Question: Encounter notes indicate that the ED physician treated a patient with severe neck pain. Final diagnosis was a fracture of the first cervical vertebra. How should I report this encounter?
New Jersey Subscriber
Answer: You’ll start at S12.0- (Fracture of cervical vertebra and other parts of neck) — but that’s not where you’ll finish.
Go back and check the notes for the following information on the patient’s injury:
- What type of fracture did the surgeon treat? Open, closed, displaced, nondisplaced, stable burst, unstable burst. etc.
- What treatment stage was the encounter for? Initial, subsequent, sequala, etc.

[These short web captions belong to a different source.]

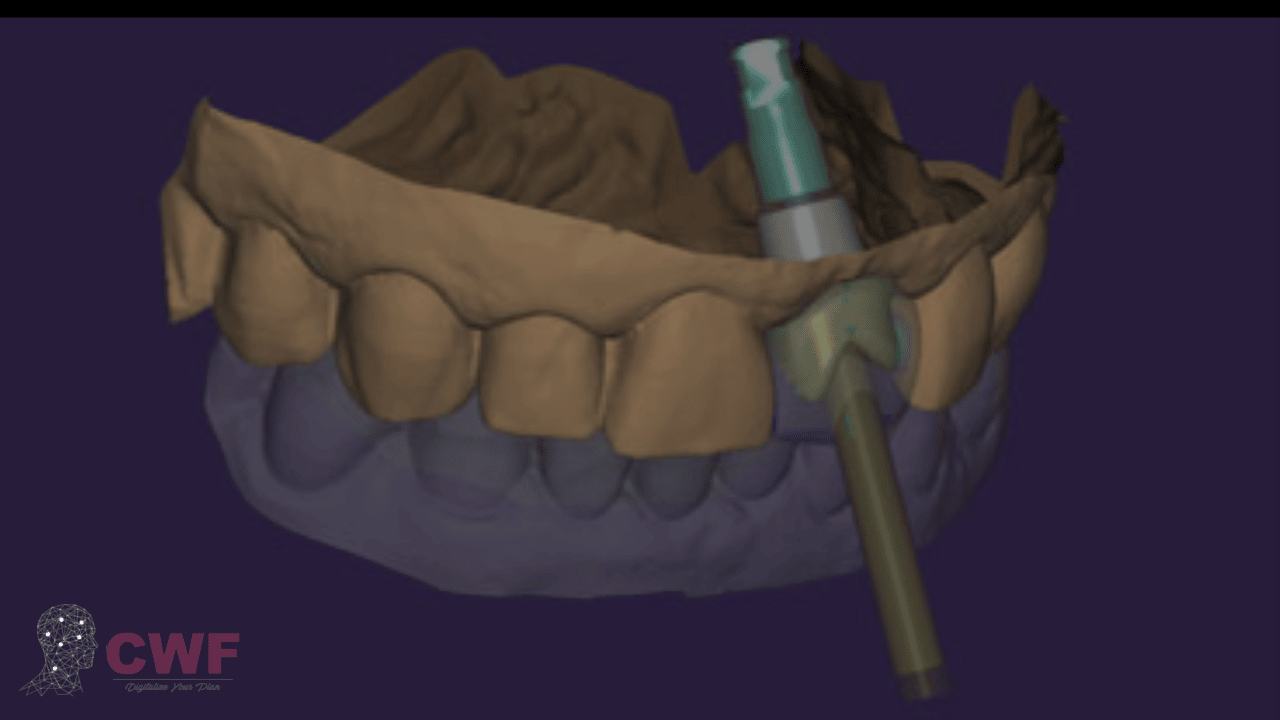 Screw Retained Design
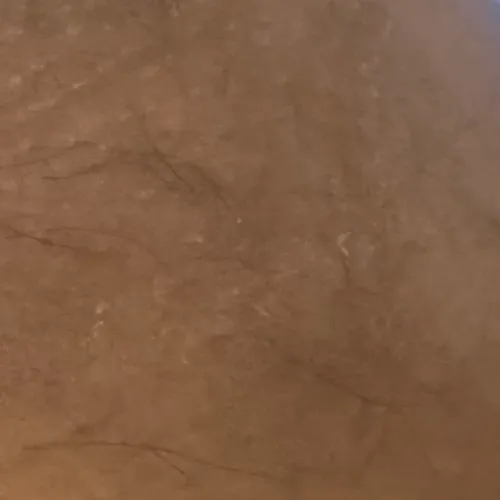 Dr.s.Valarmathi, the best derm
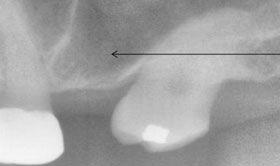 sinus before grafting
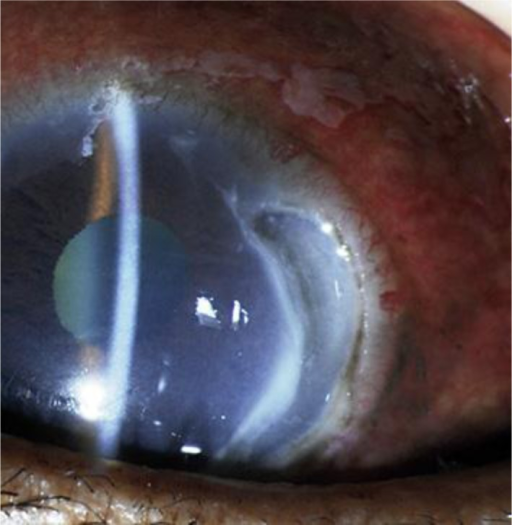 Clinical eye photograph illustrating Corneal Melt Collagen Vascular Disease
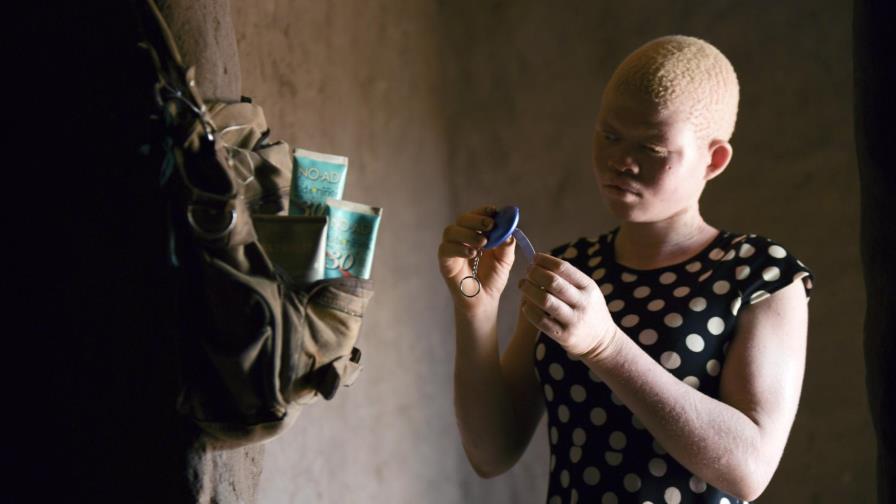 Supersticiones que pueden costar la vida a albinos en África Supersticiones que pueden costar la vida a albinos en África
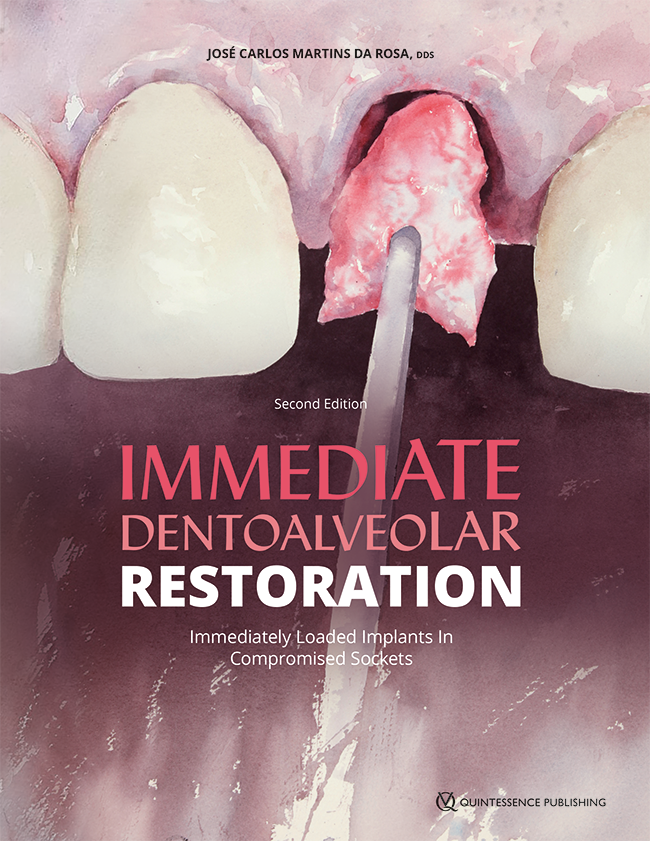 Immediate dentoalveolar restoration : immediately loaded implants in compromised sockets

Then, you’ll choose one of the following codes, depending on the answers to the questions above:
- S12.000- (Unspecified displaced fracture of first cervical vertebra)
- S12.001- (Unspecified nondisplaced fracture of first cervical vertebra)
- S12.01X- (Stable burst fracture of first cervical vertebra)
- S12.02X- (Unstable burst fracture of first cervical vertebra)
- S12.030- (Displaced posterior arch fracture of first cervical vertebra)
- S12.031- (Nondisplaced posterior arch fracture of first cervical vertebra)
- S12.040- (Displaced lateral mass fracture of first cervical vertebra)
- S12.041- (Nondisplaced lateral mass fracture of first cervical vertebra)
- S12.090- (Other displaced fracture of first cervical vertebra)
- S12.091- (Other nondisplaced fracture of first cervical vertebra)
1 more thing: No matter your ultimate code choice, report A (initial encounter for closed fracture) as the 7th character to complete the diagnosis.